Research

 Working Papers


Abstract Using a measure of technology novelty, this paper identifies periods with and without technology breakthroughs from the 1980s to the 2020s in the US. It is found that market concentration decreases at the advent of revolutionary technologies. We establish a theory addressing inventors' decisions to establish new firms or join incumbents of specific sizes, yielding two key predictions: (1) A higher share of inventors opt for new firms during periods of heightened technology novelty. (2). There is positive assortative matching between idea quality and firm size if inventors join incumbents. Both predictions align with empirical findings and collectively contribute to a reduction in market concentration when groundbreaking technologies occur. Quantitative analysis shows the channel proposed explains 89% of the correlation between technology novelty waves and market concentration. 

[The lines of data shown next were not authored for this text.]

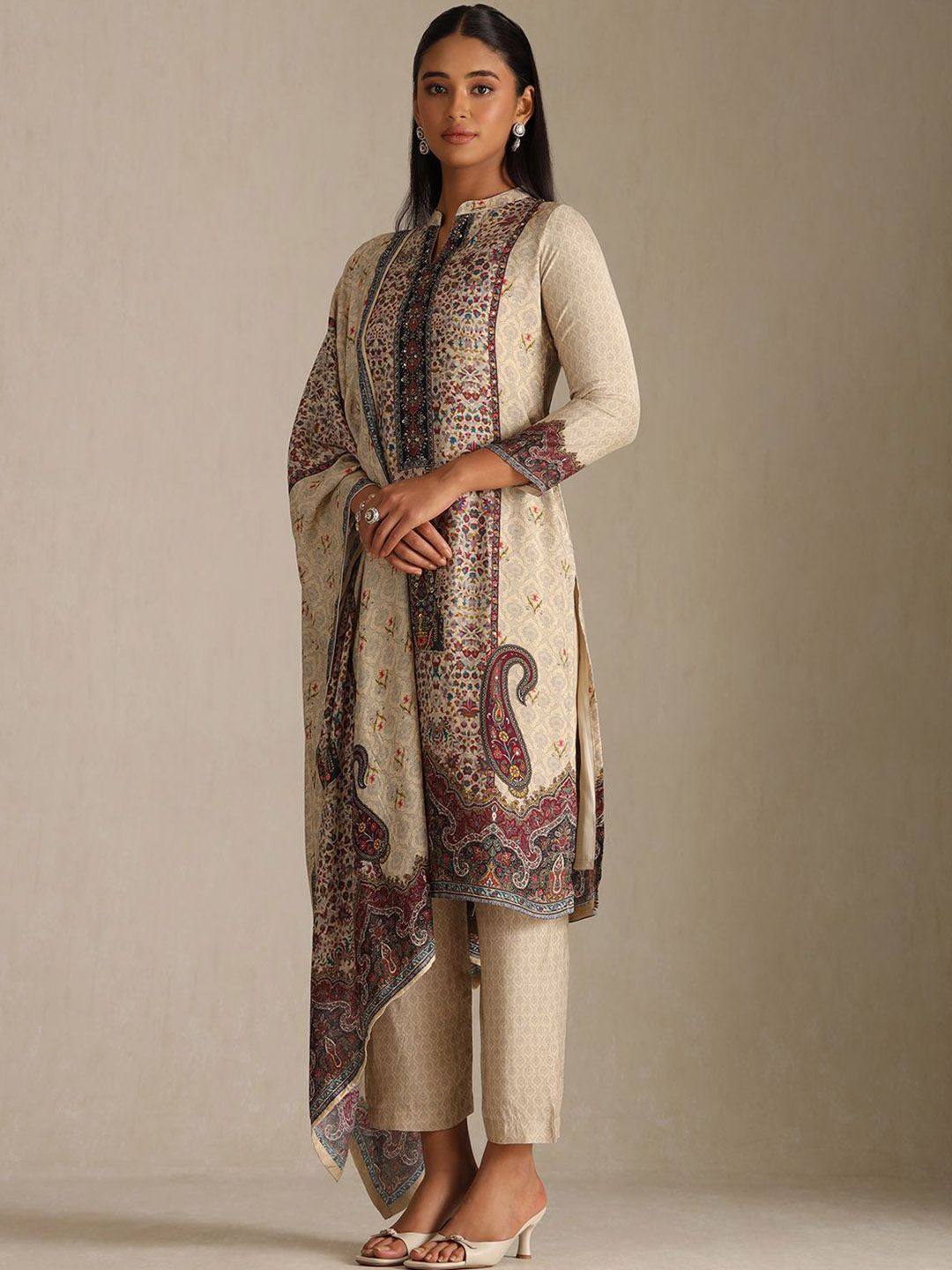Dhiyona SO Women's Women Printed Regular Sequinned Kurta & Trousers With Printed Dupatta
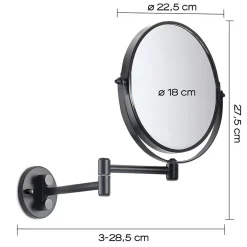 Miroir Grossissant Pour Montage Mural, Réglable, Laiton Noir Mat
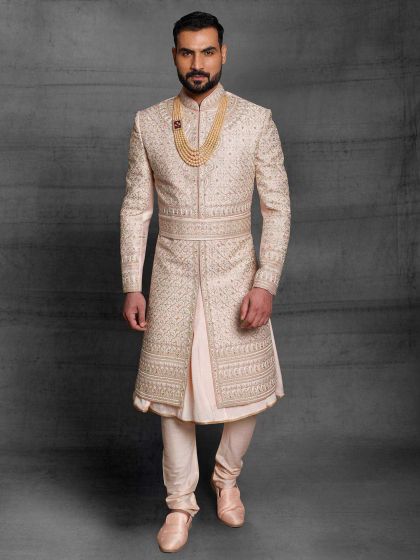 Peach Colour Silk Fabric Mens Sherwani.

Abstract This paper builds a macroeconomic framework which explicitly models the inventors and firms as two separate groups of agents and studies the option of selling innovations affects the mapping between them in an endogenous contracting setting. The model characterizing firm-inventor contracts, firm-innovation synergy and asymmetric information between firms. The model implies that inventors whose outcomes are effort-sensitive choose small firms. In a counterfactual scenario where firms cannot sell innovations, inventors move to larger firms. Quantitatively, the share of innovations in firms with more than 100,000 employees increases by 10 pp, and growth drops by 0.17 pp.


Abstract This paper studies the belief bias in the workplace. I build a structural model where workers can learn from coworkers. They choose where to work based on both wage and perceived learning opportunities. I estimate the model using German administrative data which contain information on workforce composition and workers' characteristics. I propose a methodology to separately estimate the perceived and the correct learning functions, building on the observation that learning is priced by a competitive market based on belief. The estimation results show that workers overestimate how much they can learn from coworkers by eight times. It implies that better knowledgeable workers are overpaid while the rest are underpaid, which increases the within-team inequality.